第1221回 金箔の輝き

 平成28年 6月23日~

 巡番報恩講を記録する冊子に、こんな原稿を応募しました。

 浄土真宗独特の金色に輝くお内陣を、巡番報恩講をご縁に修復するところも多く、
私どもも、欄間と柱を張り替えました。
細かな細工のものは、仏具店に持ち帰りますので、作業の様子は見れませんでしたが、
金柱の張り替えは、見ることができました。

まだ充分金色に光っているのに、惜しげも無く全部はぎ取り、まず下地の漆を塗り、
乾いたところで、紙やすりで磨き上げ、また漆を塗り、また磨き、漆を塗ること数回繰り返し、
最後に仕上げの黒光りする漆を塗って、その上に金箔を置いていきます。

漆を塗った柱に、金箔を近づけると、柱に吸い付いていくように、飛び付いていくように
金箔が貼られていきます。
しかし金箔には無数の凹凸や皺があり、これは失敗ではないか、大丈夫だろうかと、
とても心配です。

ところが次の日に見ると、漆のなめらかな光沢の上に、ヒーンと張り付き、光りを放っています。
叩いて叩いてミクロの薄さになった金箔が、元に戻ろうとする力がはたらき、
伸びていくためなのでしょう。

金箔のお内陣の輝きに、精彩がない時代がありました。
照明が蛍光灯に変わってきた時代です。
太陽光や電球では金色に光っていたのに、蛍光灯のブルーの灯りでは、本来の金箔の輝きは、
生み出せないようです。
同じ蛍光灯でも、電球色とか昼光色など、少し黄色がかった、太陽の光に近いものだと、
素晴らしい輝きが出てくるものです。

蛍光灯の時代から、LEDに変わってきて、同じように金色が輝かないお寺があります。
事務室や居間で使う普通のLEDではなく、電球色や自然光に近いものを選ぶと、
本来の金箔の輝きを見ることが出来るものですが、残念です。

お内陣は、暗い方が良いと思われるご住職、明るいのが好きなご住職、それぞれに
こだわりがあるようで、他のお寺に出勤する時、それを見届ける楽しみもあります。  

全体は暗くして、ご本尊だけが浮き出てくるように、照明をされているお寺もありますが、
沢山の法中さんが出勤され、余間に座った方から、声明本の文字が見えないとのご指摘を
受けてしまいます。

今回LED電球に交換するとき、電球色でしかも明るさを自由に変化調節出来るものを選び、
取り付けていただきました。
お勤め中は、お内陣全体を明るくし、ご法話が始まる前に、少しずつ明るさを落として、暗いお内陣にし、
またお勤めが始まる前に徐々に明るくし、全体を照して明るいお内陣へと、切り替える試みです。
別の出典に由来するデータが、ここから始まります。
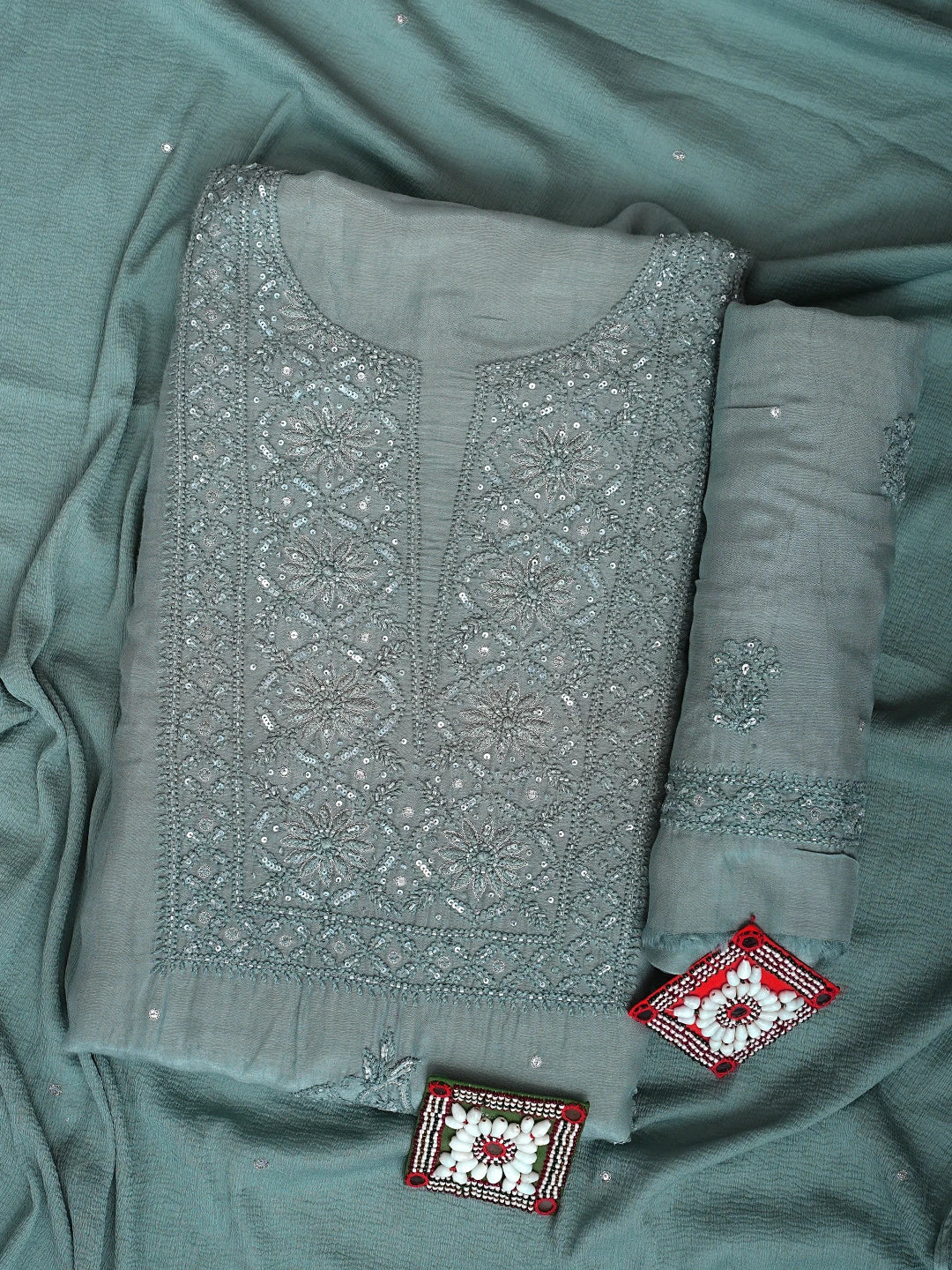 Ada Hand Embroidered Grey Maslin Lucknowi Chikankari Unstitched Suit Piece With Sequinned Work 01A773437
 気づかれない程度に、徐々に明るくし、また暗くしていき、参拝者には、変化したことを
気づかれないようにしました。
お内陣を暗くすると、ご本尊と、ご講師の姿が浮き出てきて、ご法話へ集中することが出来ますので、
この可変式の照明は、成功したのではないかと自己満足しています。